What you are asked to do:
Repeat the data exactly, please.

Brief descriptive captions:

□ □ □ □ □

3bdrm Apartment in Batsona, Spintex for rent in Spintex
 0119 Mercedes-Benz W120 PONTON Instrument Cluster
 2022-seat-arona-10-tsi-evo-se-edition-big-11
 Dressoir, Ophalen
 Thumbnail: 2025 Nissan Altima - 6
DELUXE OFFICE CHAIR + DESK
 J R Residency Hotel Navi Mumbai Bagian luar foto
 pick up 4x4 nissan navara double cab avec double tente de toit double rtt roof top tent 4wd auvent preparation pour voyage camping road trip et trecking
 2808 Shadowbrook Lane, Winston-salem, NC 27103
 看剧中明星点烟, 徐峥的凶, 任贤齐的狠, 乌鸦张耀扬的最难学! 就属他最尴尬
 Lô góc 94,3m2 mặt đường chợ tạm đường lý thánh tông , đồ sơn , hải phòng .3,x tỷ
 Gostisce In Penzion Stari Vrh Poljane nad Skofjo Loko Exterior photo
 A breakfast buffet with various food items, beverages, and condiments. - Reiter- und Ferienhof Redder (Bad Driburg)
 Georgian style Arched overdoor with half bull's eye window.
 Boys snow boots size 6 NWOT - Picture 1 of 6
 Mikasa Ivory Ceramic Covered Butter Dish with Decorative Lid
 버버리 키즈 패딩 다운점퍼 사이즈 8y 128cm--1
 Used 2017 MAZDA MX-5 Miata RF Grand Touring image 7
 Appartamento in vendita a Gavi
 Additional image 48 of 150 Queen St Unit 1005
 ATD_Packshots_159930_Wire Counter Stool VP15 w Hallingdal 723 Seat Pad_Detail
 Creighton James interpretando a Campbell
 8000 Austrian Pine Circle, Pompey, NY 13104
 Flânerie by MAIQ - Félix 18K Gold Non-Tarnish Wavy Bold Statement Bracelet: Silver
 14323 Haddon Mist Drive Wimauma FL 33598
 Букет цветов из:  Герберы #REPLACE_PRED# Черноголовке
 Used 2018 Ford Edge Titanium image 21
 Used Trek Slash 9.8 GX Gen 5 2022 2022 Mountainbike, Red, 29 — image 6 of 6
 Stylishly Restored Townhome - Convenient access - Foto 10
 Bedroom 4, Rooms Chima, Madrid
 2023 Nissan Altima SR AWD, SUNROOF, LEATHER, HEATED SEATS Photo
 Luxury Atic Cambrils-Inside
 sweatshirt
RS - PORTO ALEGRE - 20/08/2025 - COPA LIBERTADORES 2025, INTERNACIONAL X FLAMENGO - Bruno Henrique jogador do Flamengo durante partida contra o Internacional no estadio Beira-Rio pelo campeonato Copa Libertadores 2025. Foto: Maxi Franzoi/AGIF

□ □ □ □ □

Result for this exercise:
3bdrm Apartment in Batsona, Spintex for rent in Spintex
 0119 Mercedes-Benz W120 PONTON Instrument Cluster
 2022-seat-arona-10-tsi-evo-se-edition-big-11
 Dressoir, Ophalen
 Thumbnail: 2025 Nissan Altima - 6
DELUXE OFFICE CHAIR + DESK
 J R Residency Hotel Navi Mumbai Bagian luar foto
 pick up 4x4 nissan navara double cab avec double tente de toit double rtt roof top tent 4wd auvent preparation pour voyage camping road trip et trecking
 2808 Shadowbrook Lane, Winston-salem, NC 27103
 看剧中明星点烟, 徐峥的凶, 任贤齐的狠, 乌鸦张耀扬的最难学! 就属他最尴尬
 Lô góc 94,3m2 mặt đường chợ tạm đường lý thánh tông , đồ sơn , hải phòng .3,x tỷ
 Gostisce In Penzion Stari Vrh Poljane nad Skofjo Loko Exterior photo
 A breakfast buffet with various food items, beverages, and condiments. - Reiter- und Ferienhof Redder (Bad Driburg)
 Georgian style Arched overdoor with half bull's eye window.
 Boys snow boots size 6 NWOT - Picture 1 of 6
 Mikasa Ivory Ceramic Covered Butter Dish with Decorative Lid
 버버리 키즈 패딩 다운점퍼 사이즈 8y 128cm--1
 Used 2017 MAZDA MX-5 Miata RF Grand Touring image 7
 Appartamento in vendita a Gavi
 Additional image 48 of 150 Queen St Unit 1005
 ATD_Packshots_159930_Wire Counter Stool VP15 w Hallingdal 723 Seat Pad_Detail
 Creighton James interpretando a Campbell
 8000 Austrian Pine Circle, Pompey, NY 13104
 Flânerie by MAIQ - Félix 18K Gold Non-Tarnish Wavy Bold Statement Bracelet: Silver
 14323 Haddon Mist Drive Wimauma FL 33598
 Букет цветов из:  Герберы #REPLACE_PRED# Черноголовке
 Used 2018 Ford Edge Titanium image 21
 Used Trek Slash 9.8 GX Gen 5 2022 2022 Mountainbike, Red, 29 — image 6 of 6
 Stylishly Restored Townhome - Convenient access - Foto 10
 Bedroom 4, Rooms Chima, Madrid
 2023 Nissan Altima SR AWD, SUNROOF, LEATHER, HEATED SEATS Photo
 Luxury Atic Cambrils-Inside
 sweatshirt
RS - PORTO ALEGRE - 20/08/2025 - COPA LIBERTADORES 2025, INTERNACIONAL X FLAMENGO - Bruno Henrique jogador do Flamengo durante partida contra o Internacional no estadio Beira-Rio pelo campeonato Copa Libertadores 2025. Foto: Maxi Franzoi/AGIF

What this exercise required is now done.